The results had weird outliers. The top indicator of sentiment was the word “senator” because of proximity; chapters of UTC that involved sentiment also included that character, and he contaminated the results significantly. Mostly, though [I think?], the Nora team wanted something that would spark intellectual discussion, not a failsafe indicator. The results were affected further by choice of text; the National Era serial publication, considered authorially “blessed,” differs from most other texts–the senator’s name is Burr originally rather than Byrd, which seems cosmetic, but it matters for literary analysis because birds mark a scene in which he reacts to sentimental influence rather than logical argument. Etc.
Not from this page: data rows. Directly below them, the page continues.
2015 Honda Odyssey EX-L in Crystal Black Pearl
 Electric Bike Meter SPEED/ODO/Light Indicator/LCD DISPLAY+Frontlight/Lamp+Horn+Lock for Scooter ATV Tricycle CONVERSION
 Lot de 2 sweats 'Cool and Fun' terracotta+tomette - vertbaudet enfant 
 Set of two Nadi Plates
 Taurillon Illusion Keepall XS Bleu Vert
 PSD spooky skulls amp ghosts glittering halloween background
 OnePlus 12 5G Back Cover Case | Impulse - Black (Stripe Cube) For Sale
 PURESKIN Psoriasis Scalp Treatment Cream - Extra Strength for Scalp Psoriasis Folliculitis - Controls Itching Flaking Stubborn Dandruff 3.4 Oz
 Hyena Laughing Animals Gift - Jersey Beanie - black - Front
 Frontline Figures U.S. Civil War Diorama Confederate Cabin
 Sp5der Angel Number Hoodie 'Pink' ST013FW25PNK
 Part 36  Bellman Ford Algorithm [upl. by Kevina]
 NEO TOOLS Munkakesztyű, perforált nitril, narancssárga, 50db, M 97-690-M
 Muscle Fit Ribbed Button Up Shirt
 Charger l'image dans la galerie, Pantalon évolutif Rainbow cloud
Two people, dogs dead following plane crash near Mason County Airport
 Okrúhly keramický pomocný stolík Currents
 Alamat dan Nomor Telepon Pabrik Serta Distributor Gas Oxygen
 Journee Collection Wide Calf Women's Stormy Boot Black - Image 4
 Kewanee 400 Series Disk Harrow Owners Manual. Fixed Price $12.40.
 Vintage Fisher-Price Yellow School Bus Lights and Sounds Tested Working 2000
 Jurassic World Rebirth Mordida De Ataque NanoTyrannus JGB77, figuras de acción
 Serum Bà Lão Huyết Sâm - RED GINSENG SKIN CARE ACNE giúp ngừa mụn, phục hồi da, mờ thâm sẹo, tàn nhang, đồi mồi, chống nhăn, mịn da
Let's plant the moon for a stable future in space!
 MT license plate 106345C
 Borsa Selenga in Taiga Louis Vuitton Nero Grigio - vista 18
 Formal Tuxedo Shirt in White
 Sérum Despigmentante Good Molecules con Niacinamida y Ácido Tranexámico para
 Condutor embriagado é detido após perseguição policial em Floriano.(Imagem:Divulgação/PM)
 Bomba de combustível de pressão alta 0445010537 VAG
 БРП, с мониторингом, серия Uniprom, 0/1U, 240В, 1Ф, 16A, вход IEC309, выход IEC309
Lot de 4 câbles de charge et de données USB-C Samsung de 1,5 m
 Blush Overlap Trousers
Ultimately, literary analysis is more forgiving than text analysis, and applying the Nora project’s mining tool to “bad” texts would yield (and potentially multiply) gaffes for scholars.
Burnard issued a mild corrective, saying that computation linguists certainly care about such errors and try to adjust for them. Ramsay acknowledged this.
Ruecker: how important is the tagging, considering that things come from different electronic collections? Ramsay said, “Very”; Nora makes use of some things in tagging that we don’t use ordinarily but that tend to be present.